PROMPT: The reply should hold only the lines below beginning at the one with "A walk-on glass" and ending at the one with "Grilling meat with", copied exactly, with every picture left out.

(Beginning of EXCERPTED DATA)

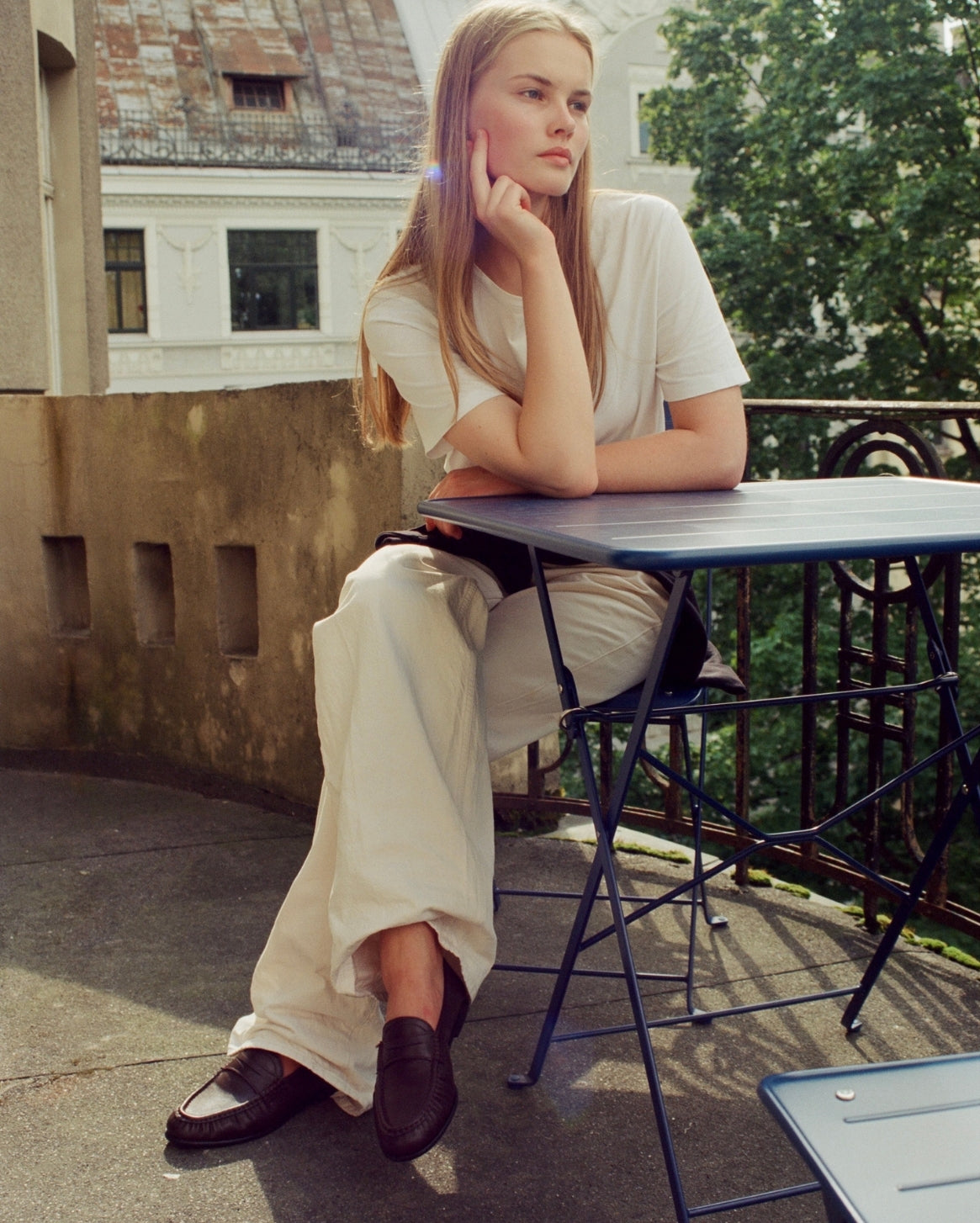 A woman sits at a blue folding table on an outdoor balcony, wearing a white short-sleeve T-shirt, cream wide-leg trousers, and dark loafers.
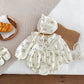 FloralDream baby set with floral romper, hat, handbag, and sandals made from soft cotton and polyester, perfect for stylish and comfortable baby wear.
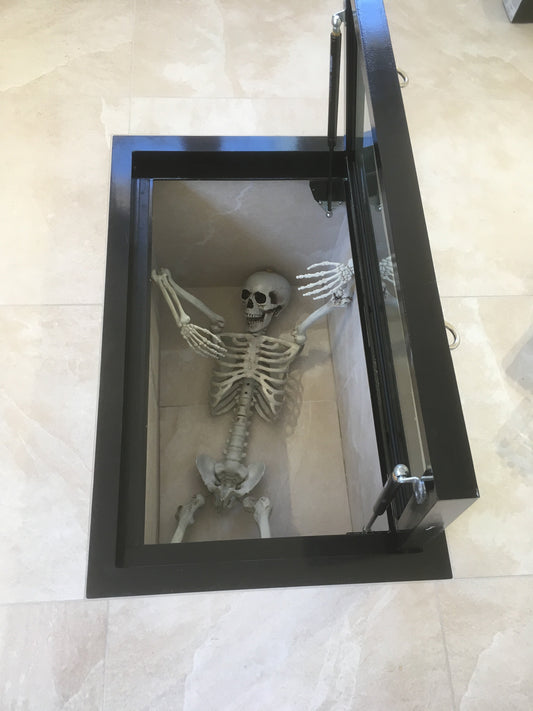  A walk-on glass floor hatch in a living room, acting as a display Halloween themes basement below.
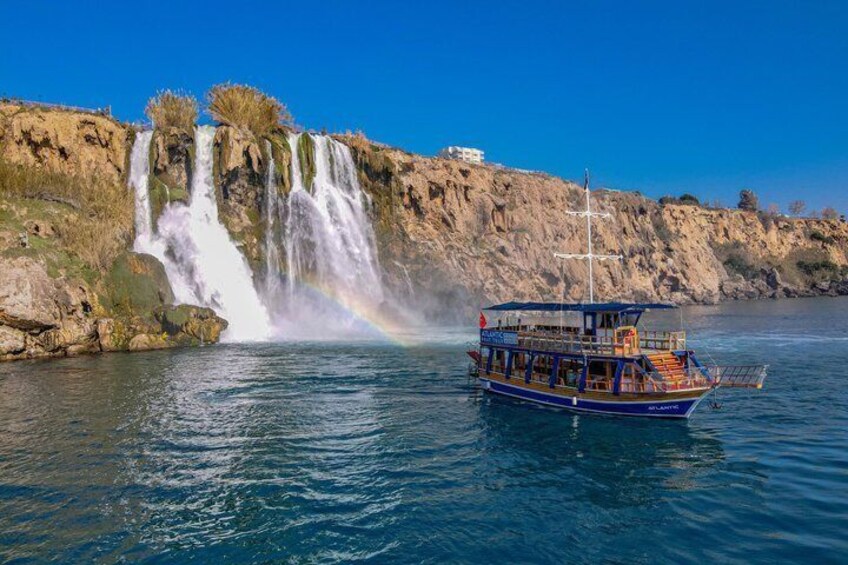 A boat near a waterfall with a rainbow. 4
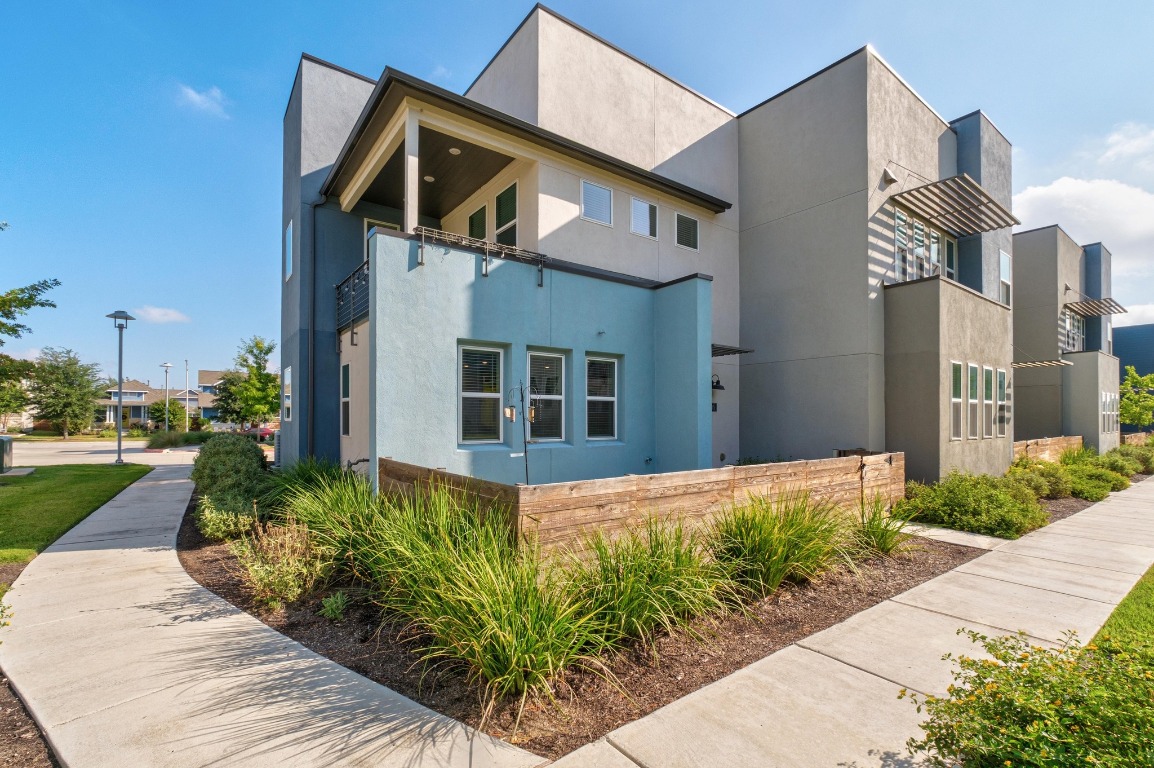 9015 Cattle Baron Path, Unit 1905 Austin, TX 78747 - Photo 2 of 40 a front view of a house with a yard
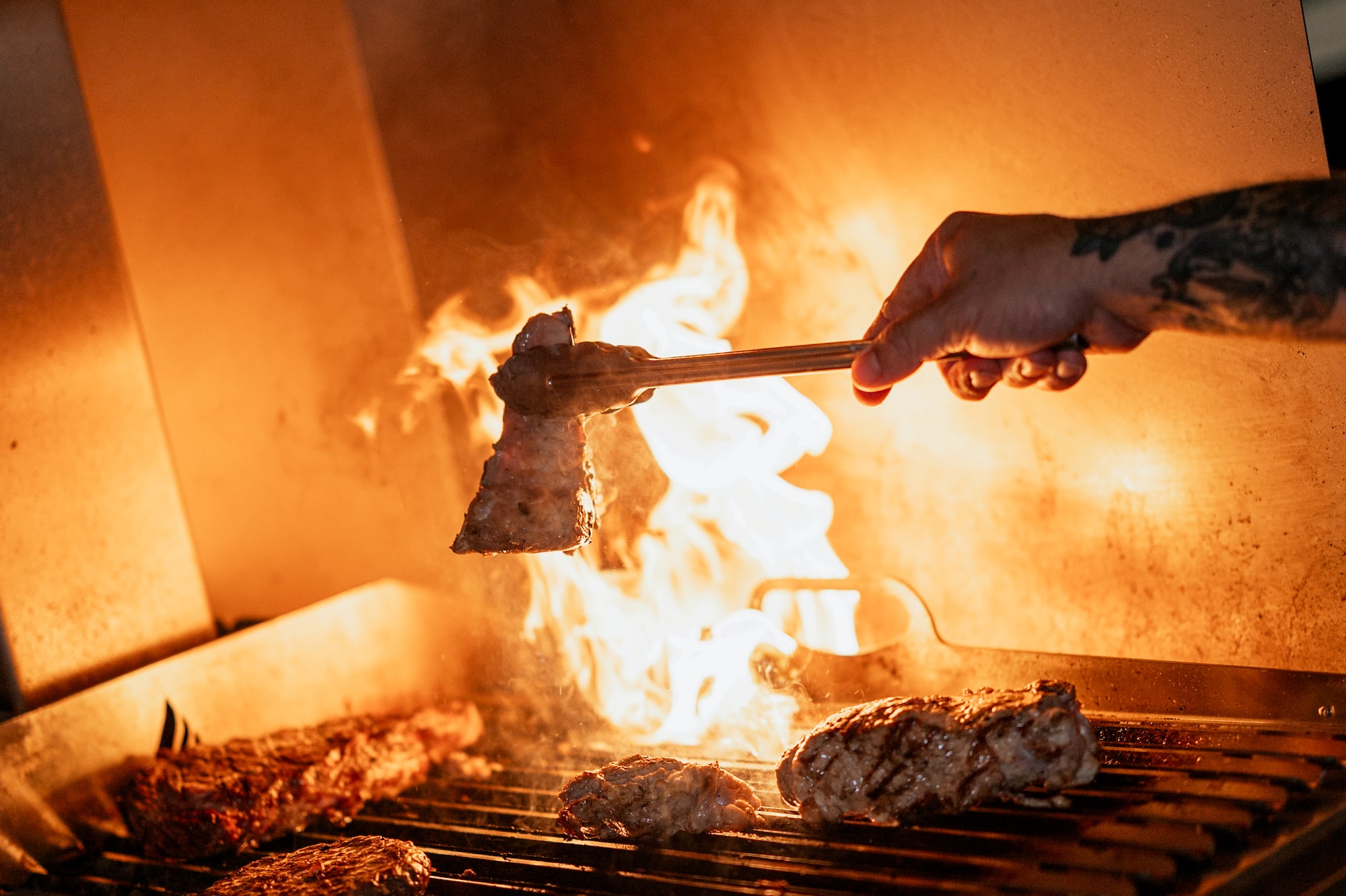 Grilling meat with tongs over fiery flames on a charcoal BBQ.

(End of EXCERPTED DATA)
(Beginning of EXCERPTED DATA)

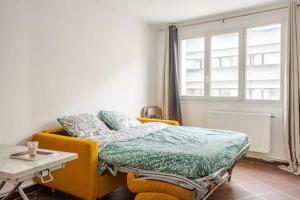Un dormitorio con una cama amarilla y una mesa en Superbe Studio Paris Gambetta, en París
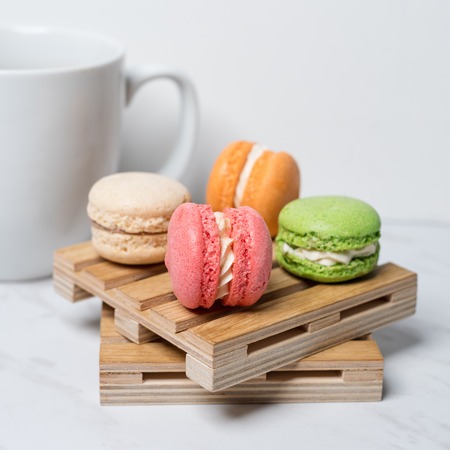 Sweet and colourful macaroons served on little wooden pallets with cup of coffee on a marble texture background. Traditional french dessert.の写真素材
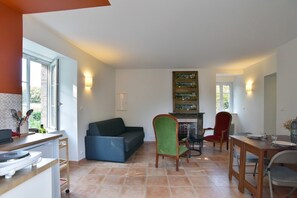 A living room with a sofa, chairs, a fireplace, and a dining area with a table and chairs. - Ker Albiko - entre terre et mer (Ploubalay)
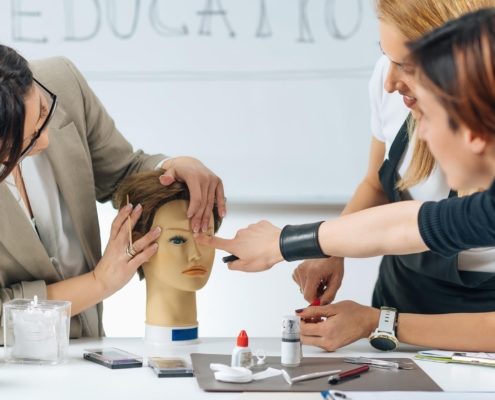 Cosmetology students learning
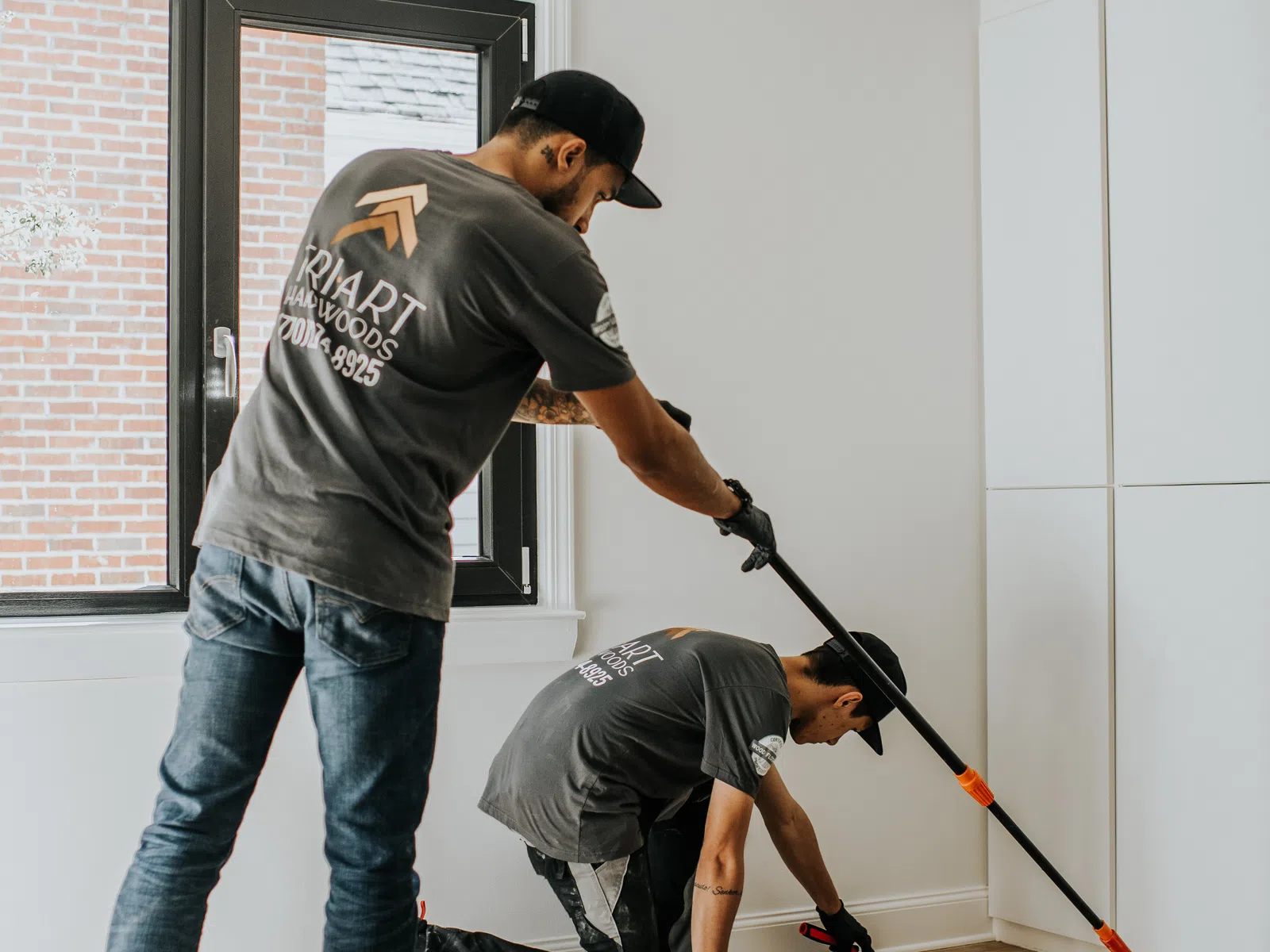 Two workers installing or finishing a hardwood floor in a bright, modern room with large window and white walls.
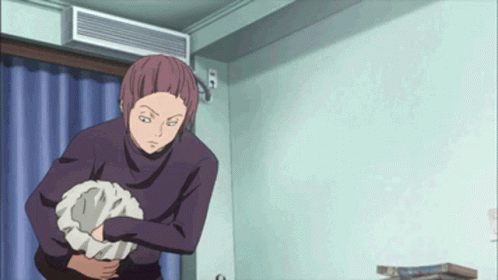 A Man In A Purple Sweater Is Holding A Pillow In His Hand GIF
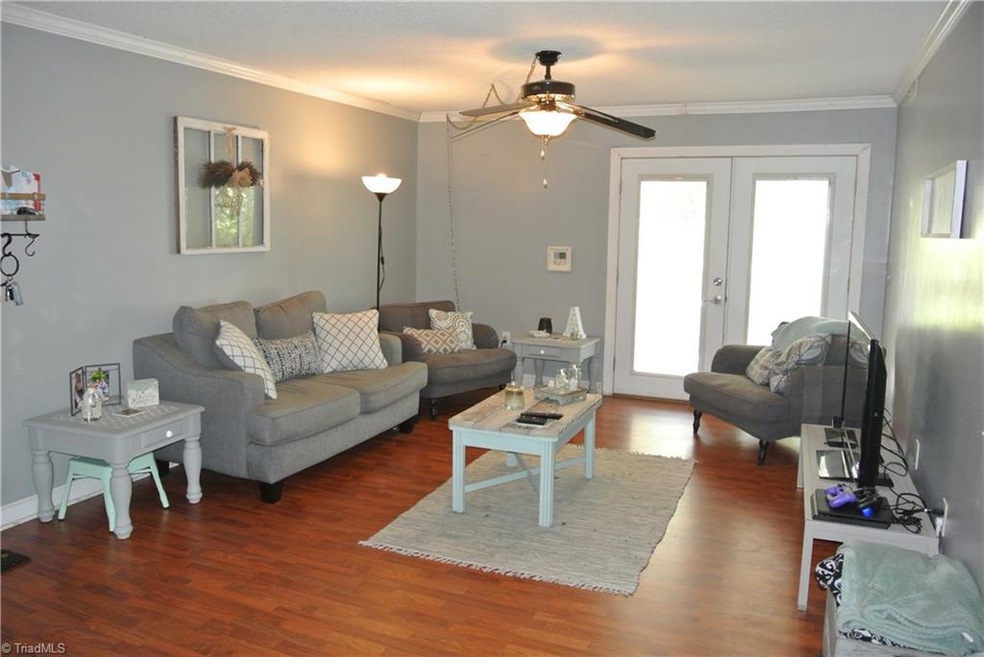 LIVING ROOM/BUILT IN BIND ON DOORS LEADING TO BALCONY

(End of EXCERPTED DATA)

RESPONSE BOX:
  A walk-on glass floor hatch in a living room, acting as a display Halloween themes basement below.
 A boat near a waterfall with a rainbow. 4
 9015 Cattle Baron Path, Unit 1905 Austin, TX 78747 - Photo 2 of 40 a front view of a house with a yard
 Grilling meat with tongs over fiery flames on a charcoal BBQ.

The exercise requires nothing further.